The Ministry of Power (MoP) has completed the implementation of 12 smart grid pilot projects, which entail 50 per cent funding from the union government. All these projects (excluding the Smart Grid Knowledge Centre at Manesar) involved the implementation of advanced metering infrastructure (AMI), along with other functionalities such as outage management systems, SCADA and demand response. Around 156,637 smart meters have been installed under the AMI component of these projects. Apart from this, five ongoing smart grid projects under the National Smart Grid Mission (NSGM), with 30 per cent funding from the MoP, also entail AMI/smart meter implementation. Around 750,500 smart meters are expected to be installed in five NSGM projects.

Key challenges and the way ahead

A host of issues and challenges have been hindering widespread deployment of smart meters. One of the key issues encountered is interoperability. Utilities face challenges in deploying different components of smart metering infrastructure from different vendors. Besides this, often there are limitations of the legacy system, which creates hurdles in the deployment of smart meters.

Moreover, maintaining a robust cybersecurity system is essential with the implementation of smart meters. Smart meters generate huge volumes of data and maintaining data security is vital. Besides this, it is essential for the utilities to undertake extensive data analytics to derive meaningful insights.

Also, a typical challenge for companies implementing smart meters is how to integrate them within their infrastructure and set up custom-tailored smart metering use cases. The best way to achieve these goals is by using an IoT platform.  An advantage of an enterprise-grade IoT platform is its data processing capabilities. With this, not only can utilities collect data from diverse smart meters in a centralized way, but also set up custom visualization dashboards, configure user alerts and notifications, and feed the collected data into other applications or data stores.
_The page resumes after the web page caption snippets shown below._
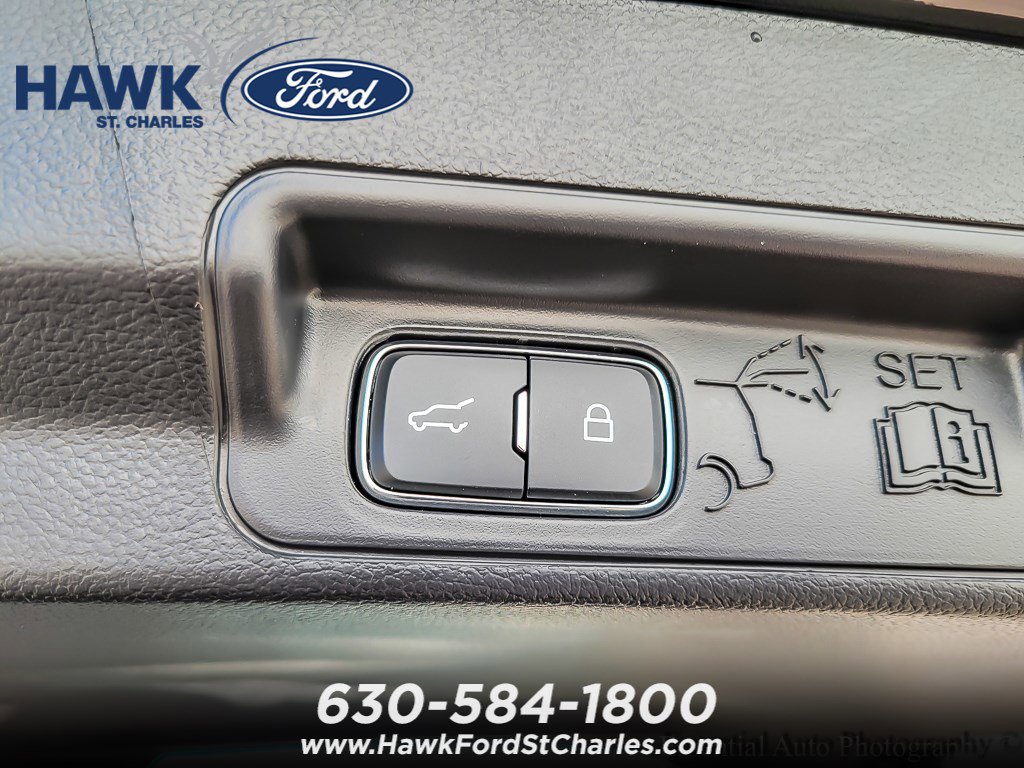 2026 FORD EXPLORER - Image 19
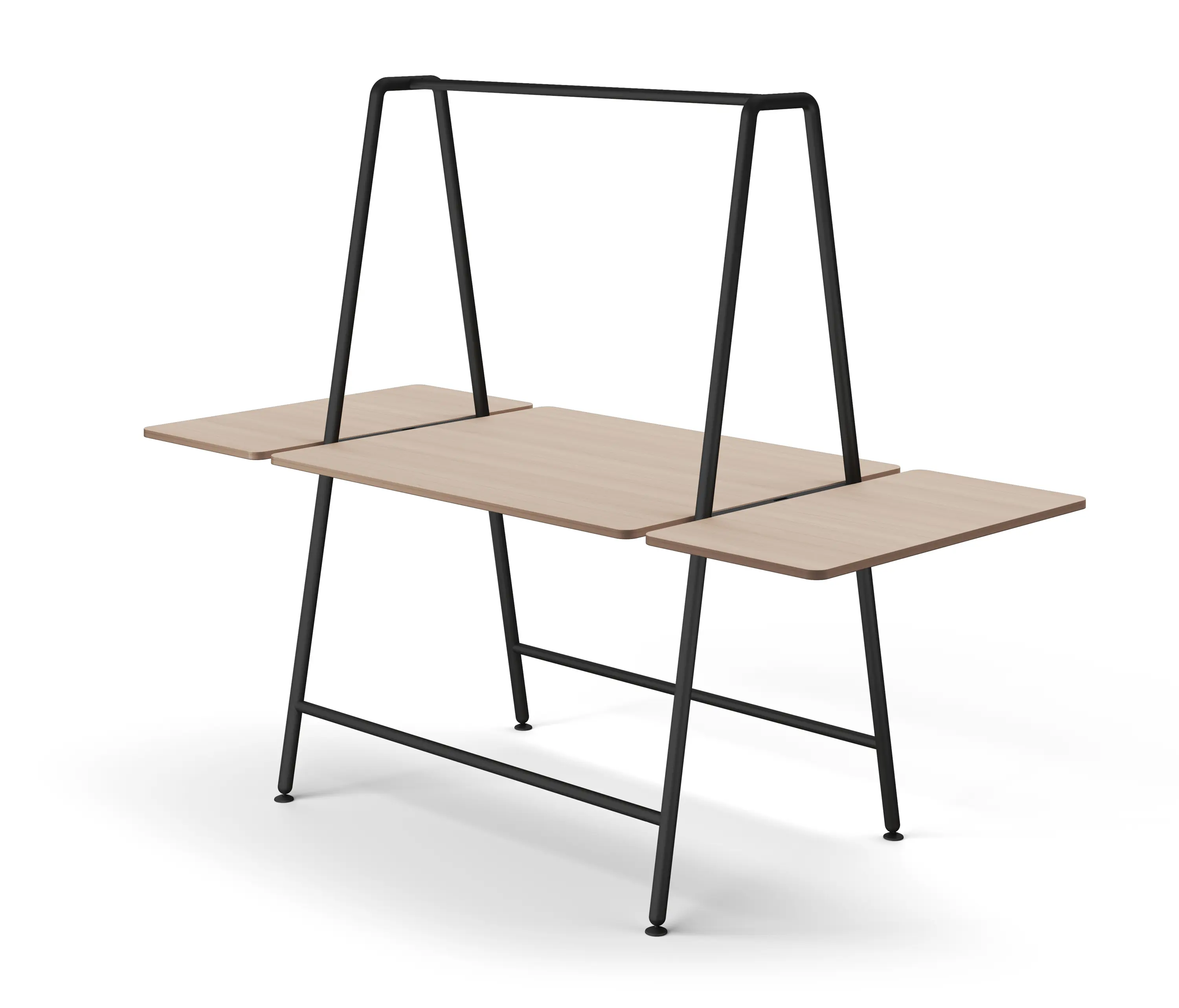 König+Neurath - LIFE.S Interaction + Stool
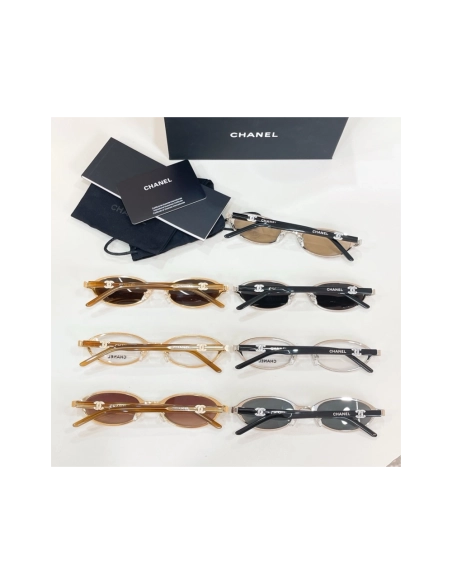 Chanel Sunglasses 059,Chanel Sunglasses,Sunglasses,Accessories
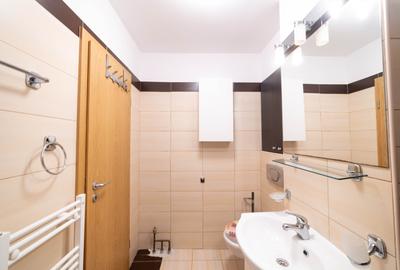 Apartament cu 3 camere - Dacia (langa Iulius Mall) - 17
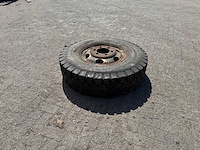 Uniroyal - f-20 - band 12.00r20 - afbeelding 1 van  9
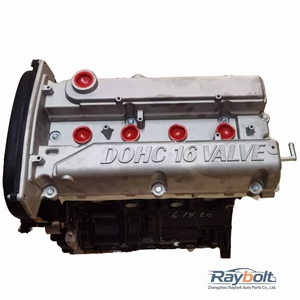 Conjunto de Motor de Bloque Corto para Hyundai G4JS, 2.4L, 4 Cilindros en Línea, Gasolina, DOHC, Sistemas de Motor Automotriz - Product Image 5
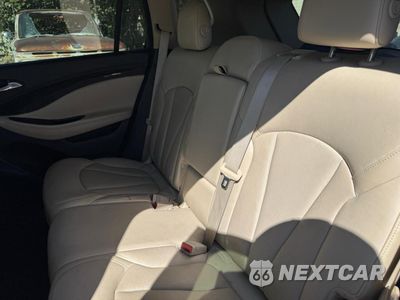 Zdjęcie 6 z 10 samochodu: 2016 BUICK ENVISION PREMIUM VIN:LRBFXESX3GD234826 - miniatura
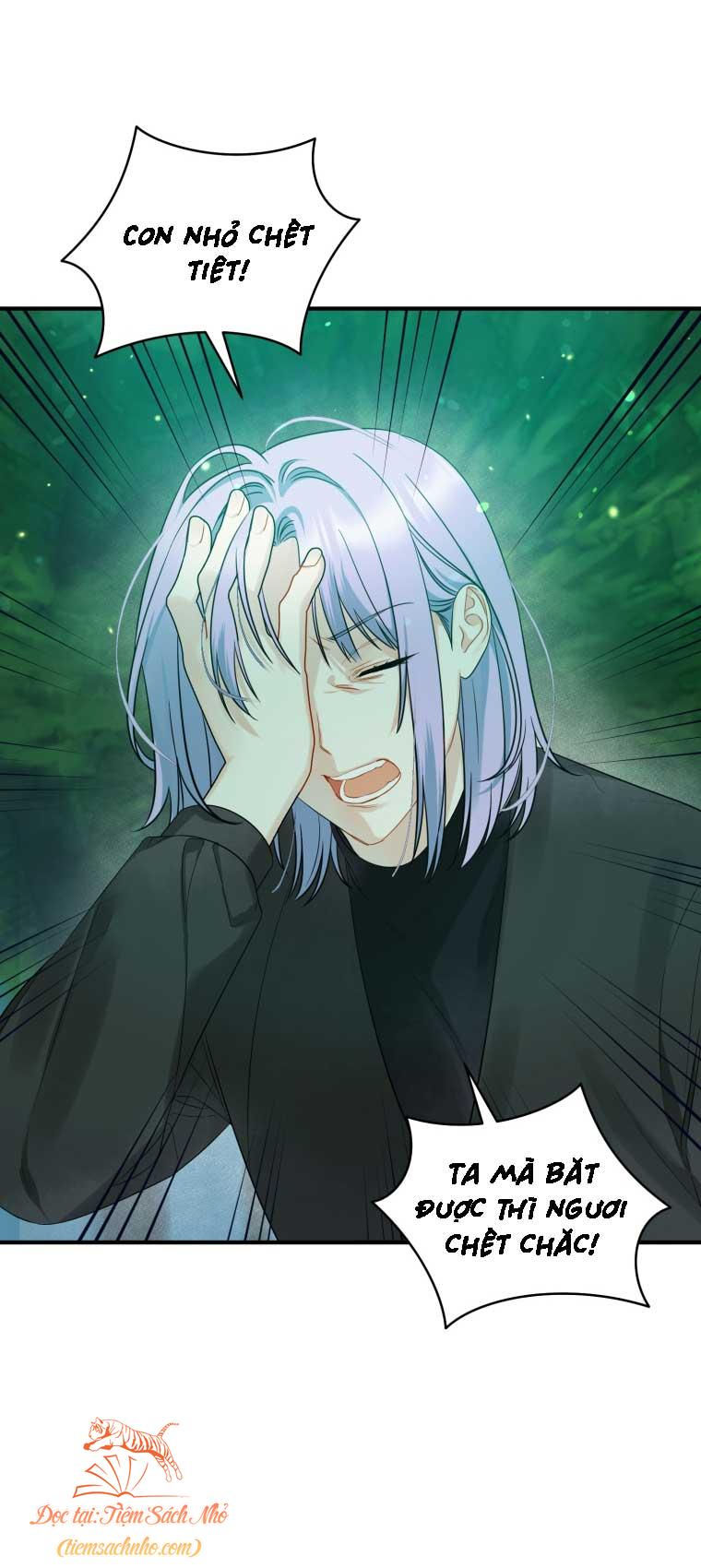 trở thành em gái nam chính truyện bl chapter 27 56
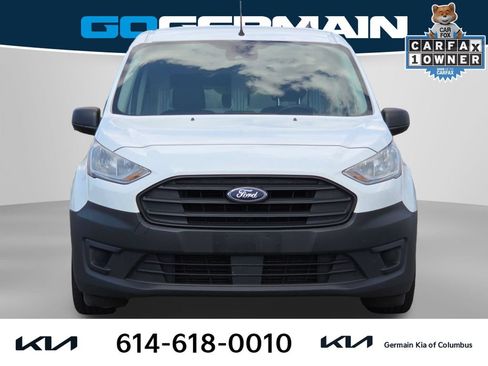 Used 2019 Ford Transit Connect XL FWD image 2
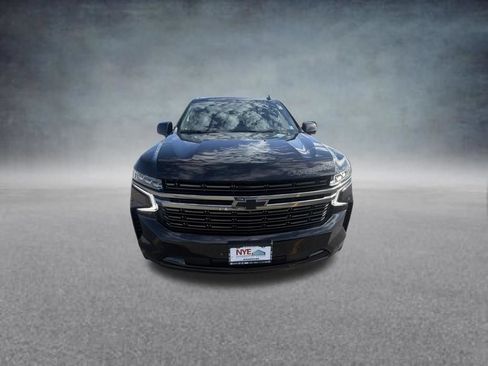 Used 2021 Chevrolet Tahoe RST w/ Luxury Package AWD/4WD image 17
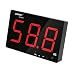 Produktbild juler Digitaler Schallpegelmessgerät 30-130 db Instrument Rauschdekibel Überwachung Genauigkeit 1,5 dB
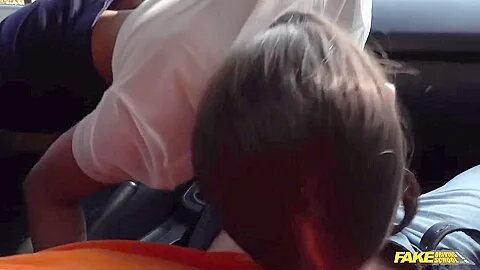 Preview supplied for Tattooed Darkhaired Babe Sanny Luke Fucks For Licence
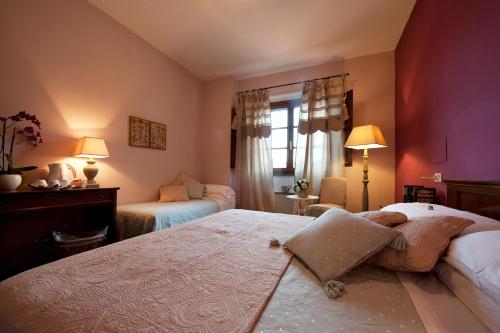 Hotel Molino D'Era in Вольтерра Hotel Molino D'Era in Вольтерра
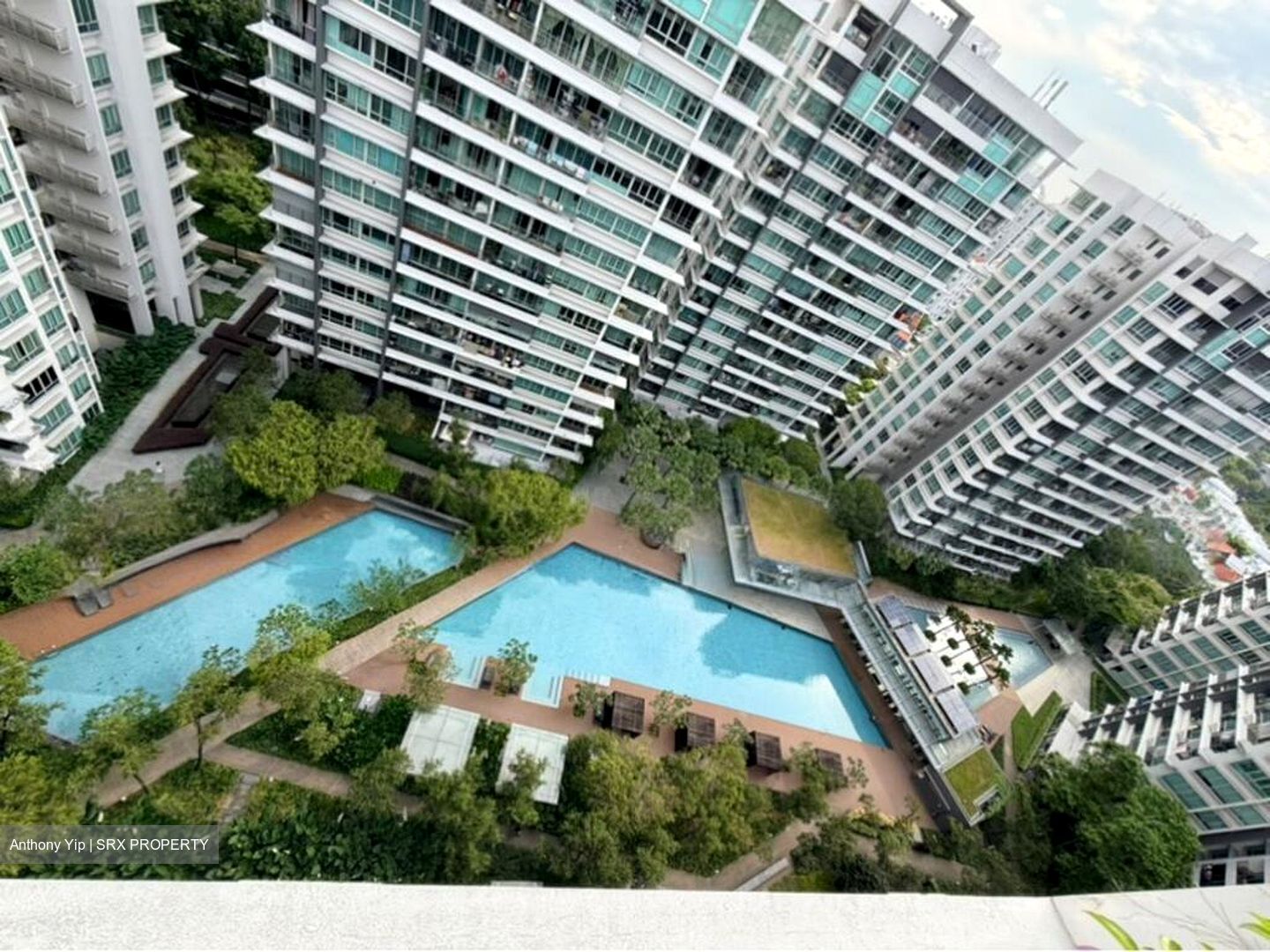 Livia (D18), Condominium #501268181
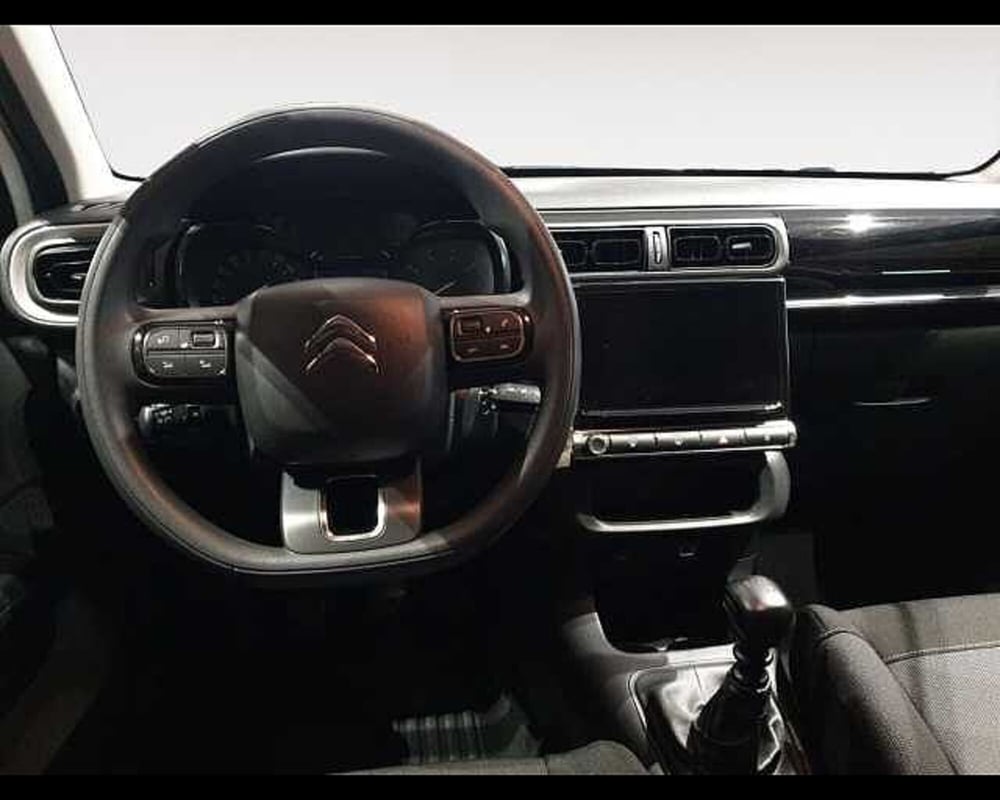 Citroen C3 usata a Cuneo (10)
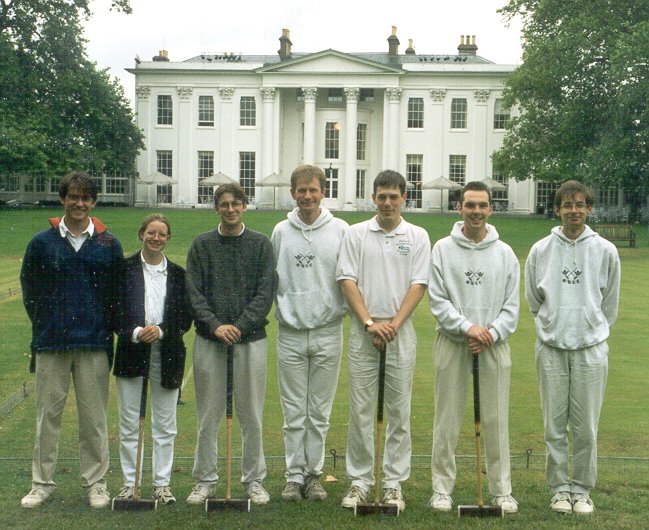 1997 Team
Another advantage is the cost of smart metering implementation. Using an IoT platform allows discoms to have all the necessary functionality right away and focus on building particular smart metering use cases instead, saving time and avoiding the risks associated with in-house IoT development.

Net, net, for successful operation of smart meters and to achieve the desired outcomes, it is important for utilities to identify the required functionalities of a smart meter and the best-suited technology solutions. Apart from this, some of the initiatives that could facilitate faster uptake of smart meters are building the capacity of discom teams, creating consumer awareness and developing skilled resources across ecosystems.